The Commission considers that proposals requesting a contribution from the EU of between EUR 1 and 3 million (for the data integration activities under a) or about EUR 7 million (for the incubators under b) would allow this area to be addressed appropriately. Nonetheless, this does not preclude submission and selection of proposals requesting other amounts.

Europe lacks a systematic transfer of knowledge and technology across different sectors and there is an underdeveloped data sharing and linking culture. Traditionally, data has been collected and used for a certain purpose within sectorial ""silos"", while using data across sectors for offering new services opens new opportunities for solving business and societal challenges. The lack of agreed standards and formats, and the low rates of publishing data assets in machine discoverable formats further hold back data integration. The fact that textual data appears in many languages creates an additional challenge for sharing and linking such data. Finally, there is a lack in Europe of secure environments where researchers and SMEs can test innovative services and product ideas based on open data and business data.

The challenge is to break these barriers and to foster exchange, linking and re-use, as well as to integrate data assets from multiple sectors and across languages and formats. A more specific challenge is to create a stimulating, encouraging and safe environment for experiments where not only data assets but also knowledge and technologies can be shared.

a. Data integration activities

  • Data integration activities will simplify data analytics carried out over datasets independently produced by different companies and shorten time to market for new products and services;
  • Substantial increase in the number and size of data sets processed and integrated by the data integration activities;
  • Substantial increase in the number of competitive services provided for integrating data across sectors;
  • Increase in revenue by 20% (by 2020) generated by European data companies through selling integrated data and data integration services offered.

b.
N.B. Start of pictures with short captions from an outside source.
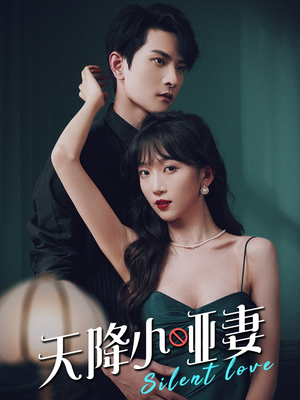 《天降小哑妻》短剧完整版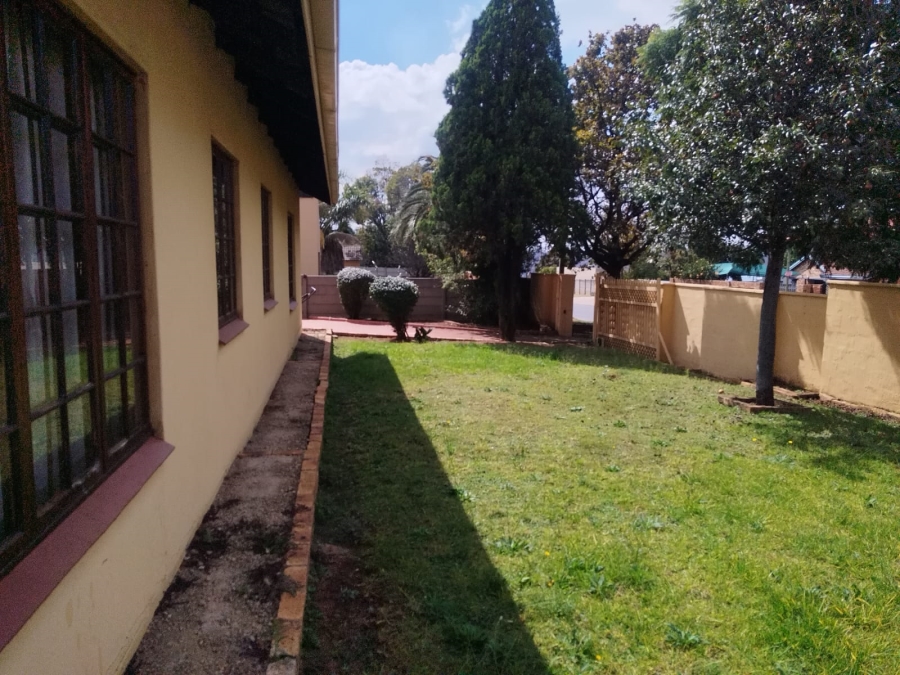 3 Bedroom Property for Sale in Norkem Park Gauteng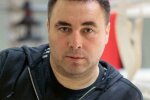 Роман Головін, експерт з державного управління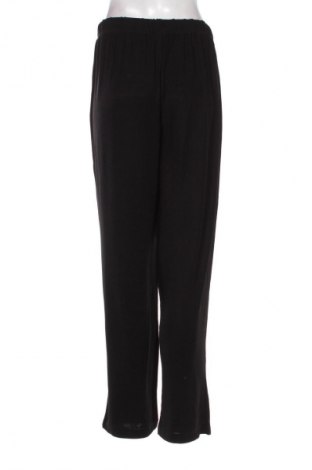 Damenhose Selection By Ulla Popken, Größe L, Farbe Schwarz, Preis 21,00 €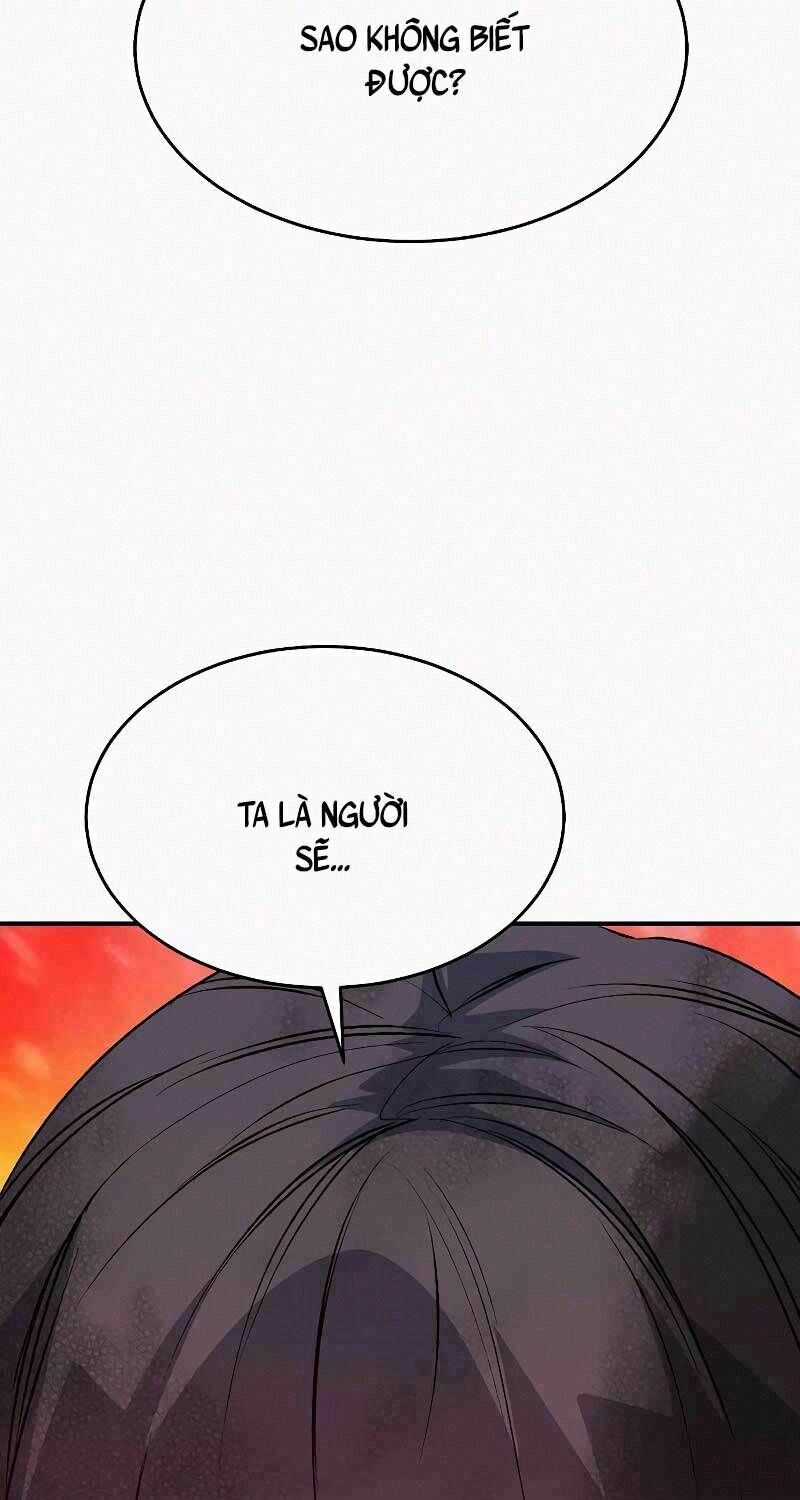 đọc truyện Độc Cô Tử Linh Sư Chương 154 ảnh 118 tại Thiên Thai Truyện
Data experimentation incubators

  • At least 100 SMEs and web entrepreneurs, including start-ups, participate in data experimentation incubators;
  • 30% annual increase in the number of Big Data Value use cases supported by the data experimentation incubators;
  • Substantial increase in the total amount of data made available in the data experimentation incubators including closed data;
  • Emergence of innovative incubator concepts and business models that allow the incubator to continue operations past the end of the funded duration.